START Records for the task
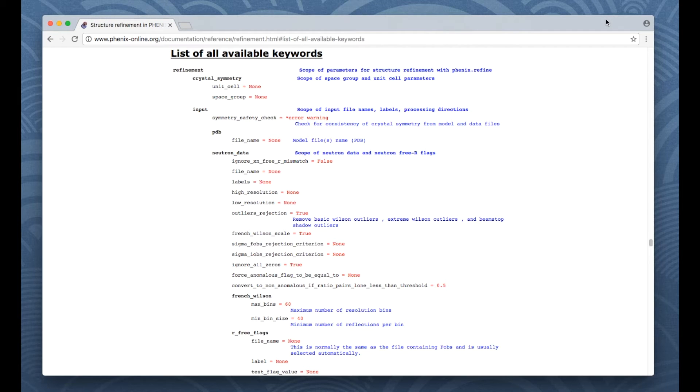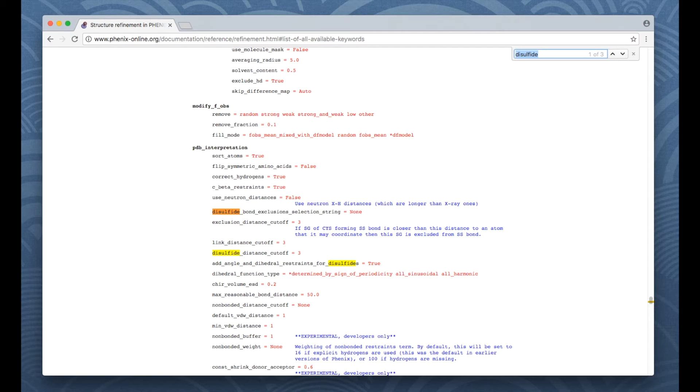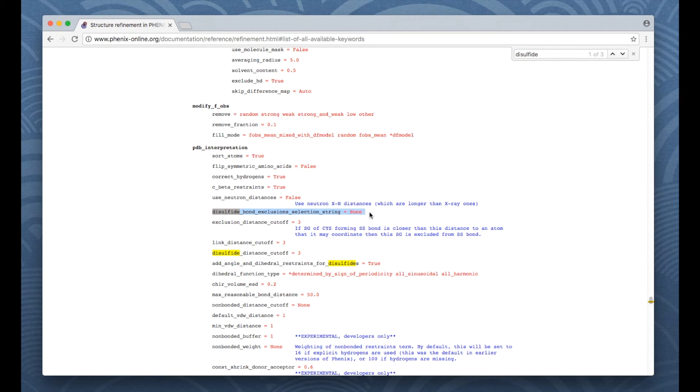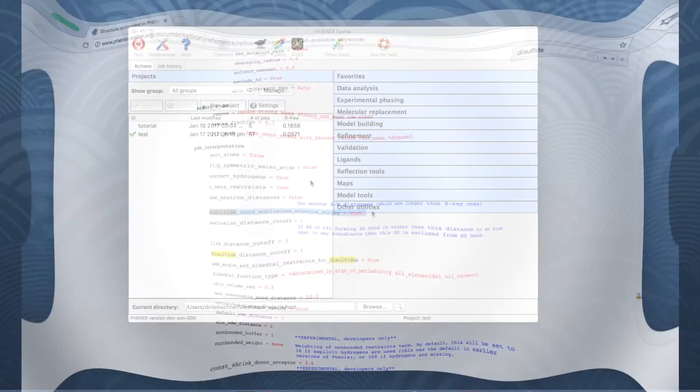Let's go back to the documentation and look for the name of the parameter. It is found under PDB interpretation and is called disulfide bond exclusions selection string. So where to find it in the graphical user interface of Phoenix Refine.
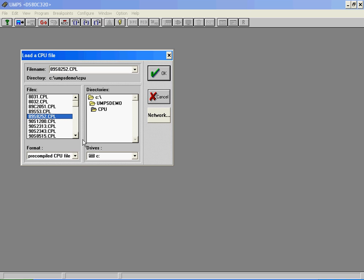Here we are using 89S52 microcontroller. So, I am going to select ds80c320.cpl.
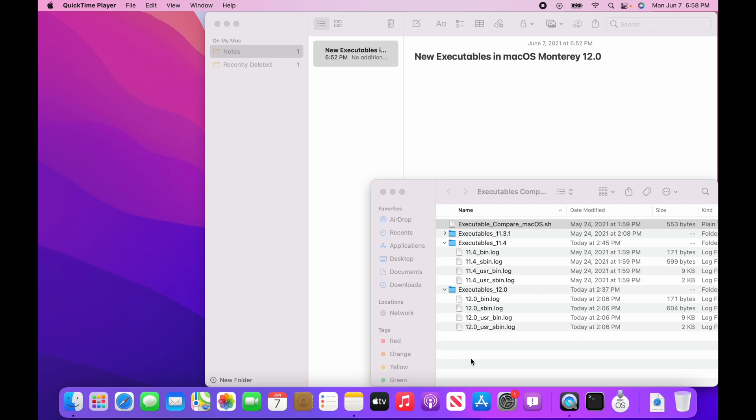Here I am on macOS Monterey. I installed it. If you don't know how to download and install it, go check out this other video real quick. But in this video, what I'm doing is I'm comparing the executables between macOS Big Sur 11.4 and macOS Monterey 12.0. I want to see if there's anything new and fun that we can play with.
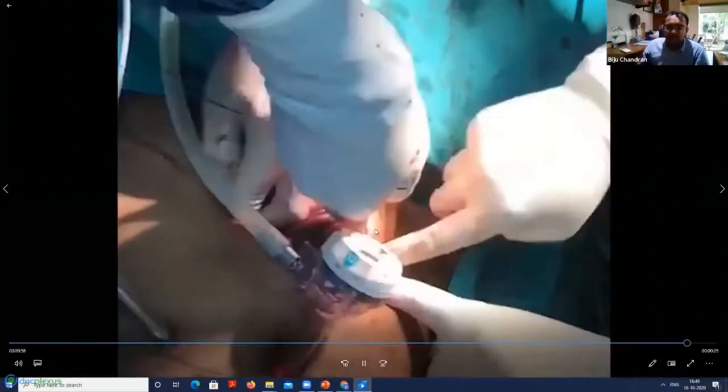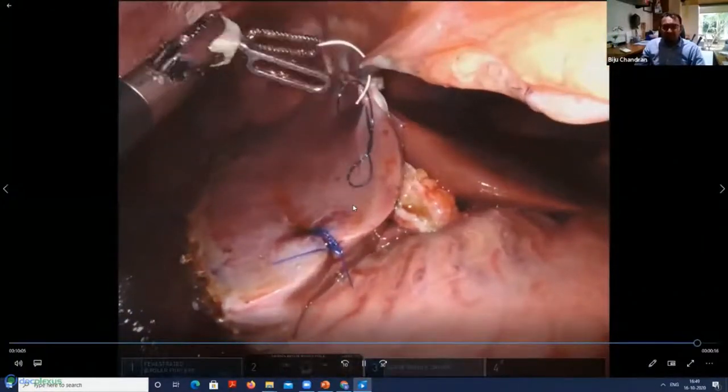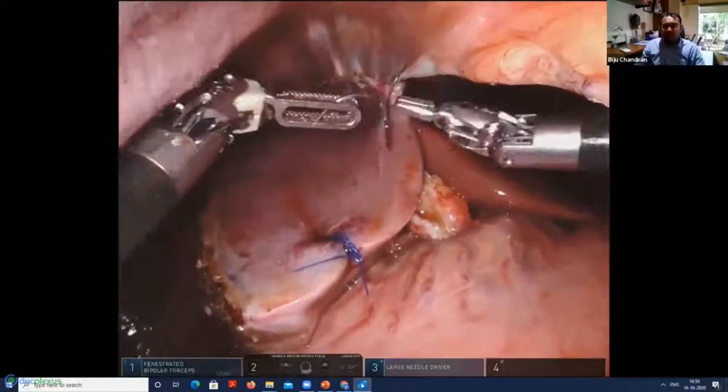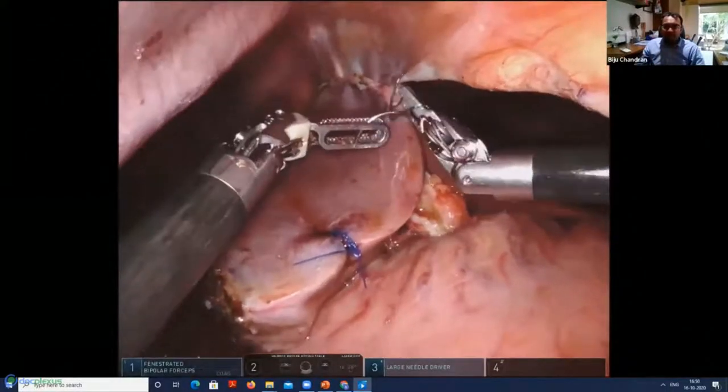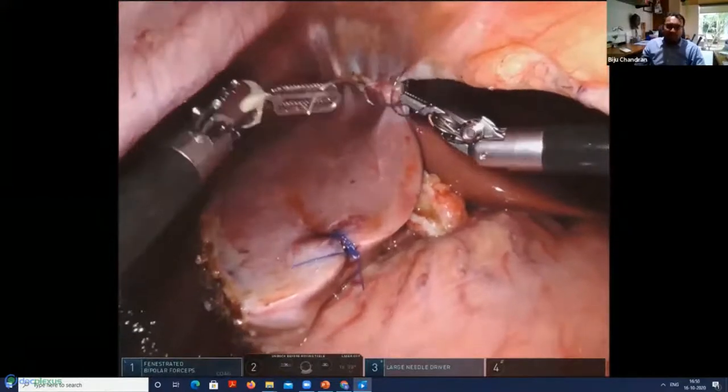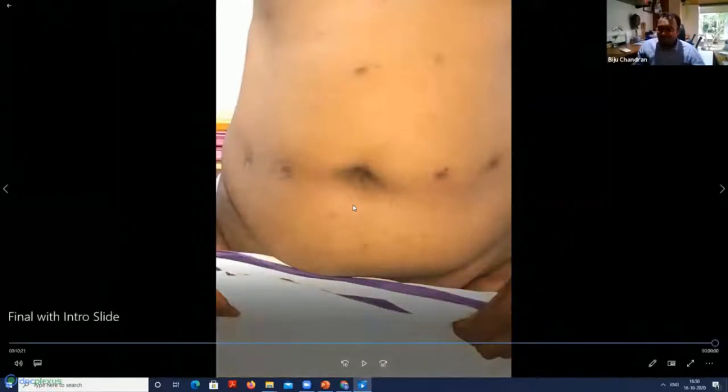The liver pops out through a Pfannenstiel incision without division of any rectus muscle. The liver is delivered and the falciform ligament is fixed back. We ensure perfect hemostasis, raise the drain, and confirm there is no leak. This is what we ultimately give back to the patient — a lot of effort goes into this procedure.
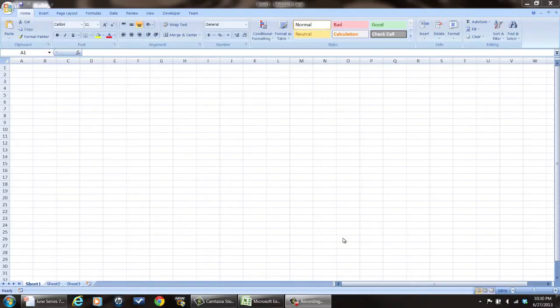Now, the first thing you want to do is open up Microsoft Excel to get to the spreadsheet that you want to work on. I'm just going to use a blank one right here.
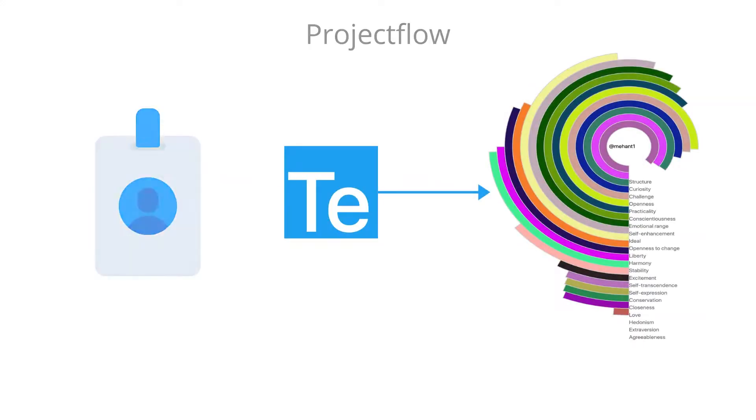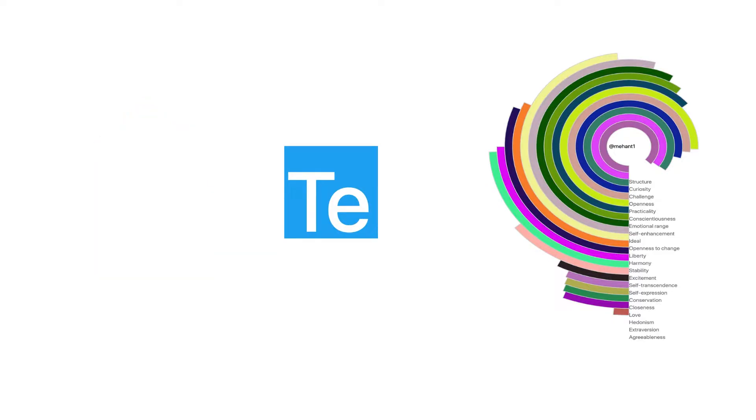Tweepsium takes a user ID and converts it into a beautiful chart.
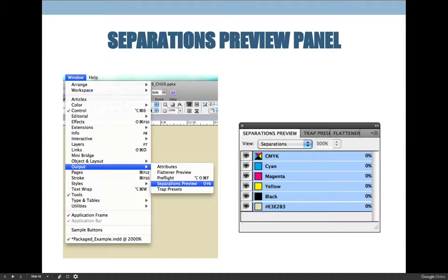You can open the separations preview panel by choosing the Window menu, then Output, then Separations Preview. When you change the view mode from Off to Separations, you will see what colors your product is made up of, and because your document is set to print...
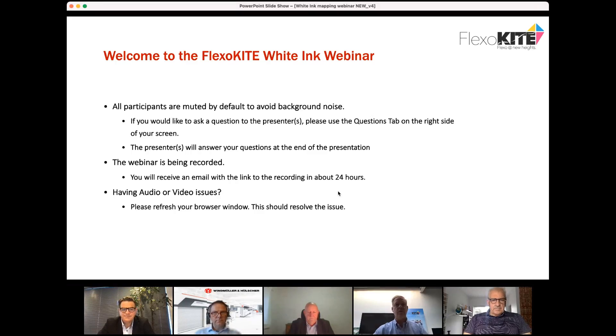Good morning. Good afternoon, everyone, wherever you are. Thank you for joining us today for the next Flexokite White Ink webinar.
END Records for the task
- [Instructions for the task] Word for word, return the material, omitting the pictures.

- [Answer box]
Let's go back to the documentation and look for the name of the parameter. It is found under PDB interpretation and is called disulfide bond exclusions selection string. So where to find it in the graphical user interface of Phoenix Refine.
Here we are using 89S52 microcontroller. So, I am going to select ds80c320.cpl.
Here I am on macOS Monterey. I installed it. If you don't know how to download and install it, go check out this other video real quick. But in this video, what I'm doing is I'm comparing the executables between macOS Big Sur 11.4 and macOS Monterey 12.0. I want to see if there's anything new and fun that we can play with.
The liver pops out through a Pfannenstiel incision without division of any rectus muscle. The liver is delivered and the falciform ligament is fixed back. We ensure perfect hemostasis, raise the drain, and confirm there is no leak. This is what we ultimately give back to the patient — a lot of effort goes into this procedure.
Now, the first thing you want to do is open up Microsoft Excel to get to the spreadsheet that you want to work on. I'm just going to use a blank one right here.
Tweepsium takes a user ID and converts it into a beautiful chart.
You can open the separations preview panel by choosing the Window menu, then Output, then Separations Preview. When you change the view mode from Off to Separations, you will see what colors your product is made up of, and because your document is set to print...
Good morning. Good afternoon, everyone, wherever you are. Thank you for joining us today for the next Flexokite White Ink webinar.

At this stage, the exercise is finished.